[Captioned web image data]

++++++++

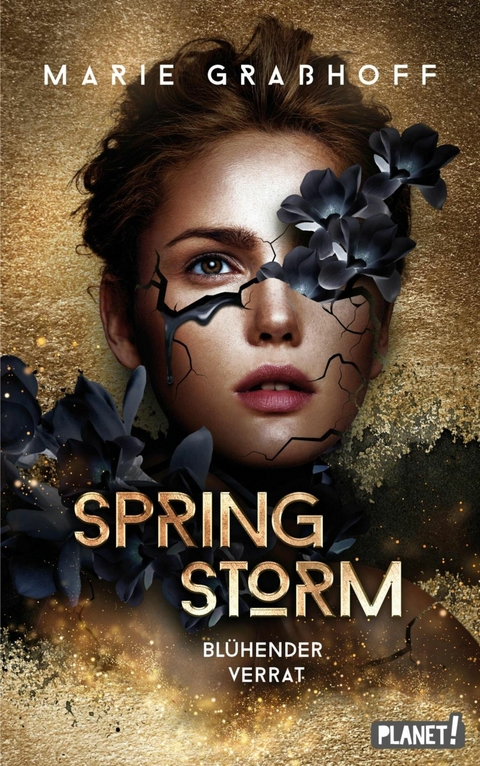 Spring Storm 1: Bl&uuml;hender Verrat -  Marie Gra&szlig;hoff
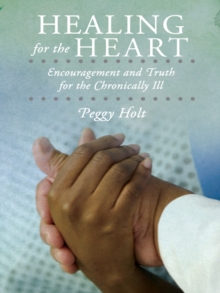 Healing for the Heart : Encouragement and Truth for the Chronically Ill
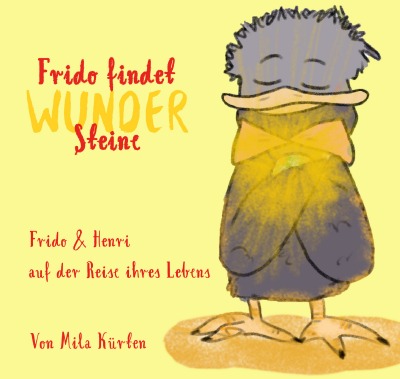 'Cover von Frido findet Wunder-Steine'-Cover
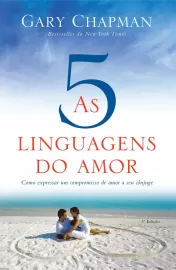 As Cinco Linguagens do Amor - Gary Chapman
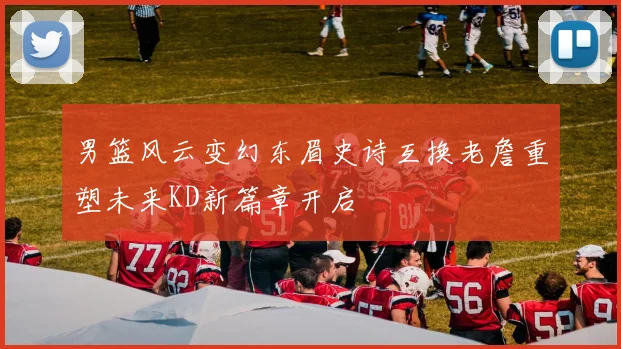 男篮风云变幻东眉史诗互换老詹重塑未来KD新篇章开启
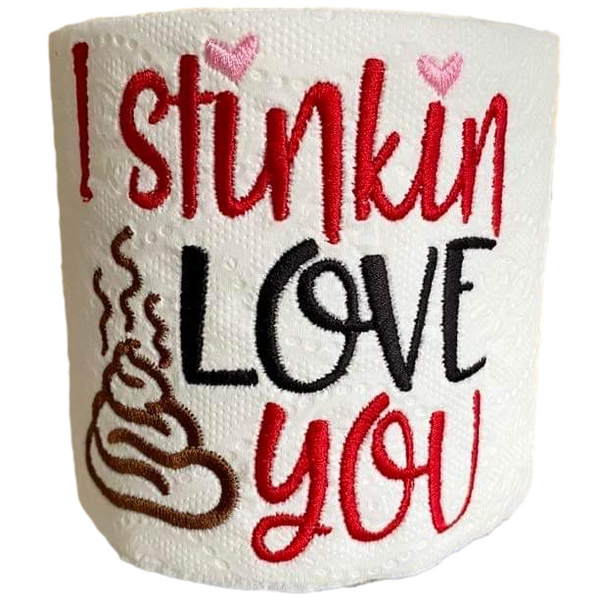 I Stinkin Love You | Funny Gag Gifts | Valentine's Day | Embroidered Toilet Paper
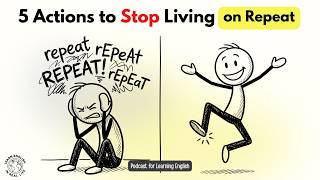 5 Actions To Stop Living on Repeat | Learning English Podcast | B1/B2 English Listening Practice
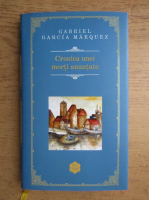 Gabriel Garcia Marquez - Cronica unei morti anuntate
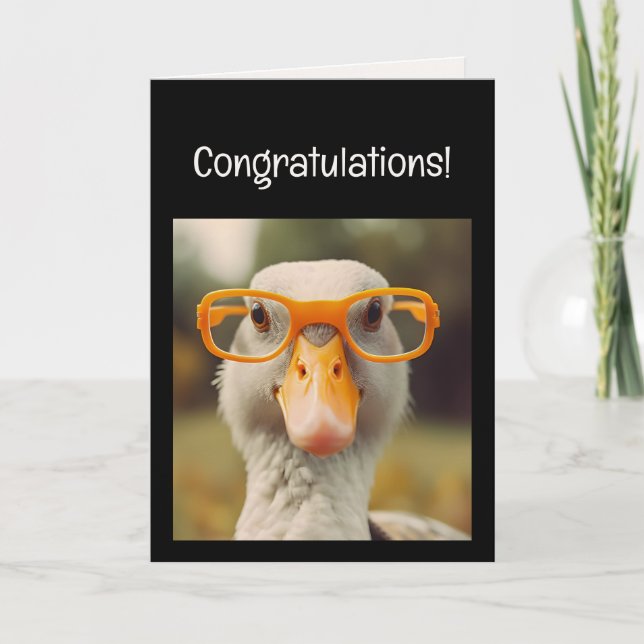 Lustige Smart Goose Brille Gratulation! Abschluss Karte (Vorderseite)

++++++++

Task statement
Repeat all the records above exactly, leaving out any pictures.

Exercise output
 Spring Storm 1: Bl&uuml;hender Verrat -  Marie Gra&szlig;hoff
 Healing for the Heart : Encouragement and Truth for the Chronically Ill
 'Cover von Frido findet Wunder-Steine'-Cover
 As Cinco Linguagens do Amor - Gary Chapman
 男篮风云变幻东眉史诗互换老詹重塑未来KD新篇章开启
 I Stinkin Love You | Funny Gag Gifts | Valentine's Day | Embroidered Toilet Paper
 5 Actions To Stop Living on Repeat | Learning English Podcast | B1/B2 English Listening Practice
 Gabriel Garcia Marquez - Cronica unei morti anuntate
 Lustige Smart Goose Brille Gratulation! Abschluss Karte (Vorderseite)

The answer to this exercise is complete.